More jobs. Less crime. The Martin Luther King interchange. A balanced budget. New cops and firefighters. And, for the exclamation point on Cincinnati’s 2014, a solution to the potentially crippling employee pension liability, which Cranley ingeniously resolved by moving negotiations from the political arena to federal court.
If the mayor keeps up this pace for the rest of his four-year term, the sky’s the limit for Cincinnati.
What’s left to do? How about less litter, better roads and a streamlined process to encourage new contruction? Most importantly, addressing the poverty that engulfs too many of our children and families.
“Crime is down, jobs are up, and the wind is at our back,” Cranley said in a nearly two-hour conversation recently with The Enquirer editorial board. “It’s our challenge not to rest on our laurels.”

Cranley’s 2015 initiatives
As Mayor John Cranley acknowledges, it would be easy to lose focus in year two, with the city’s most pressing issues addressed and many campaign promises on the way to being fulfilled. He must resist getting pulled into the weeds at City Hall and instead be strategic about where he spends his political as well as literal capital.

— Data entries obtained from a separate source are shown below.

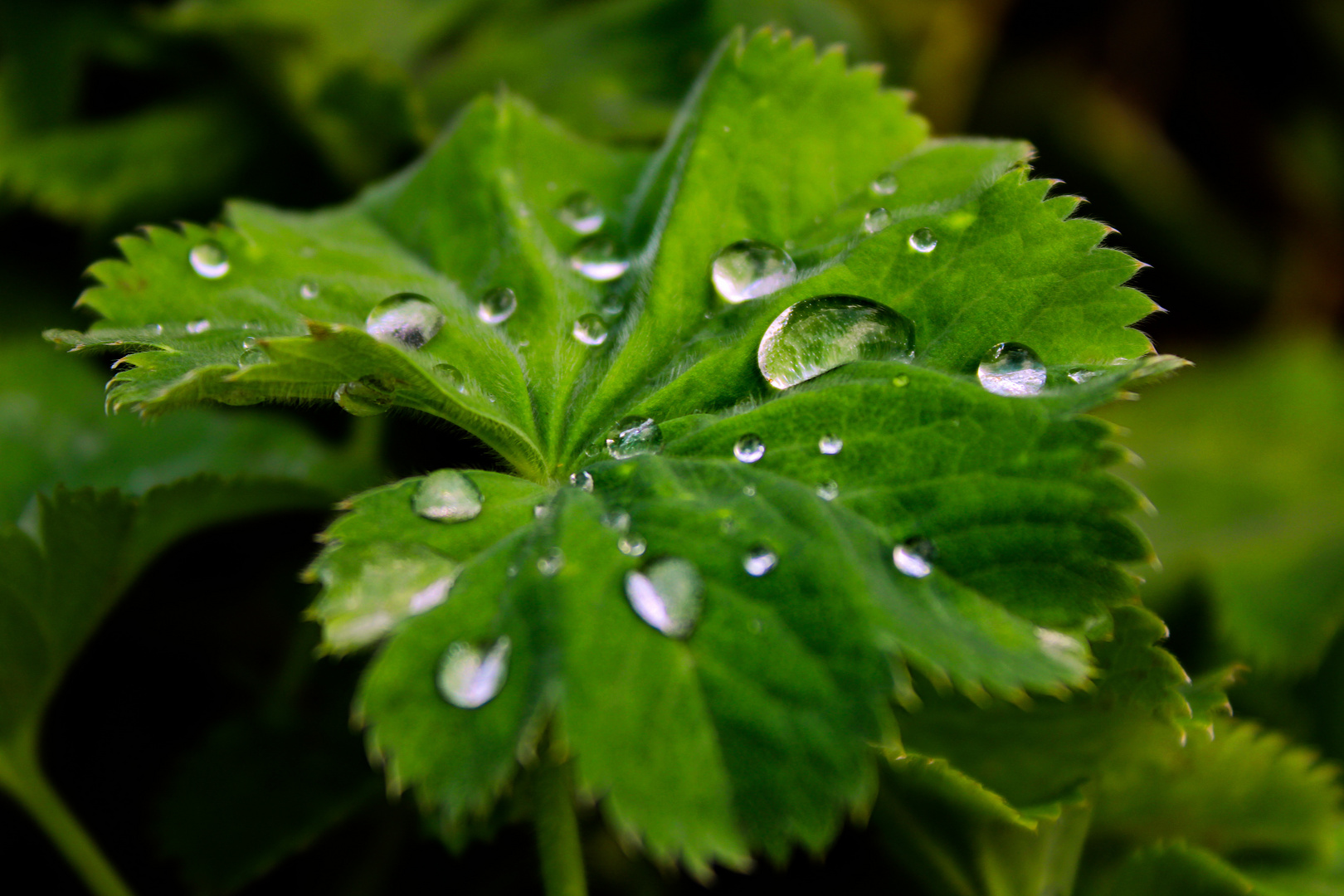 Blatt mit Tropfen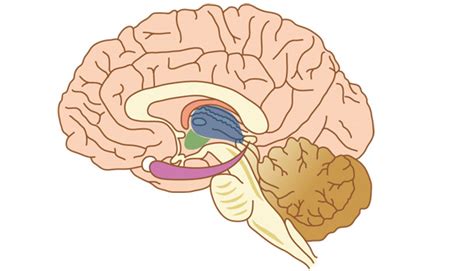 海馬迴|大腦皮質與海馬迴幫我們過目不忘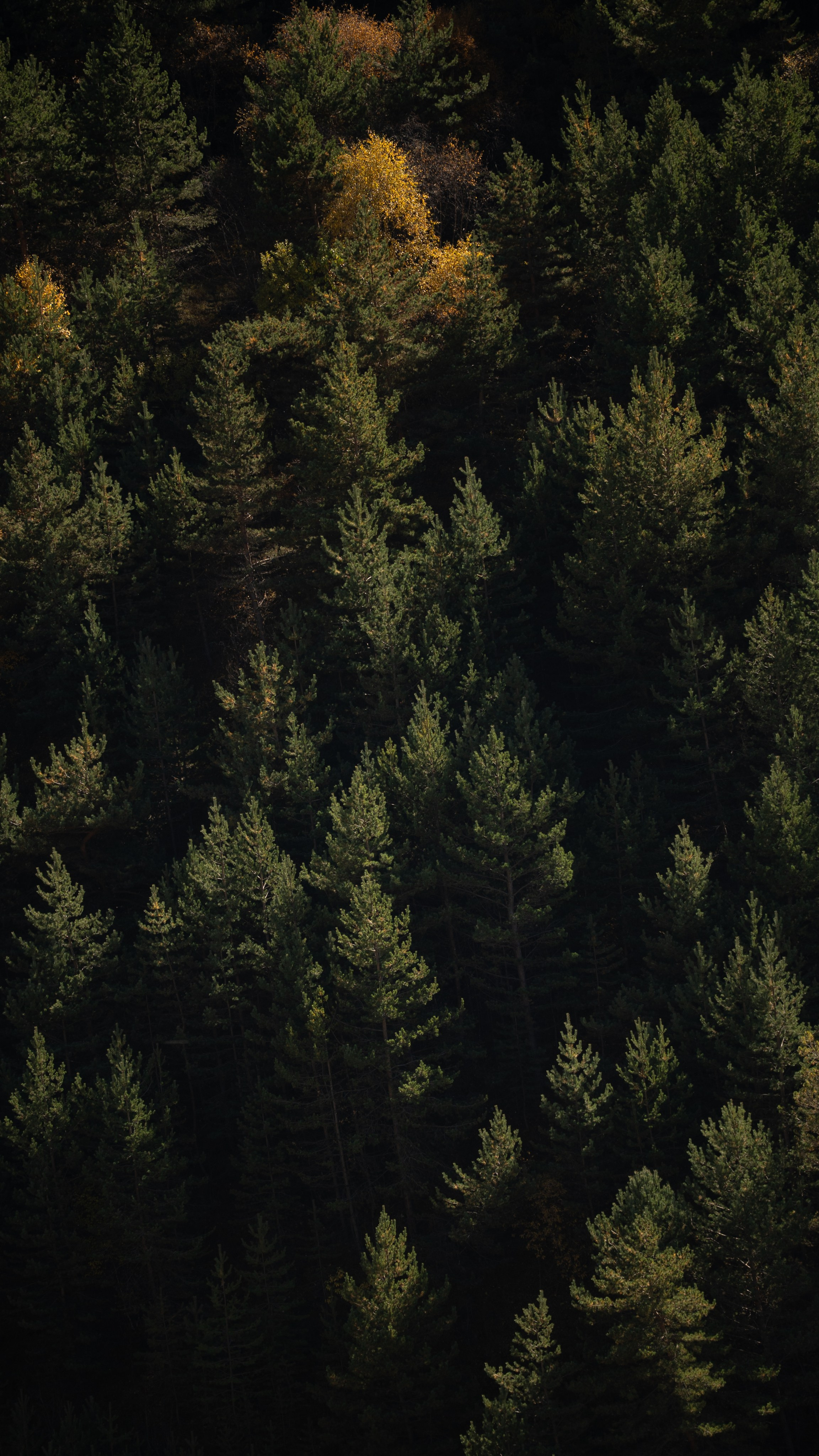 Travel Pack by Zkadoshi. Чеченский фотограф автор первого Чеченского парфюма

We might be more worried if he didn’t have the “Mayor John Cranley – One Page Strategic Plan” to keep him on track. First developed with executive coach Harry Kangis after Cranley won election in November 2013, it includes five focus areas: job growth, public safety, minority inclusion, sound finances and quality neighborhoods. Staffers say the mayor’s office lives the strategic plan – they must link all of their work and the mayor’s appointments to one of those five areas.

We love that the mayor has a clear vision and is taking a page from private industry to stay laser-focused on it.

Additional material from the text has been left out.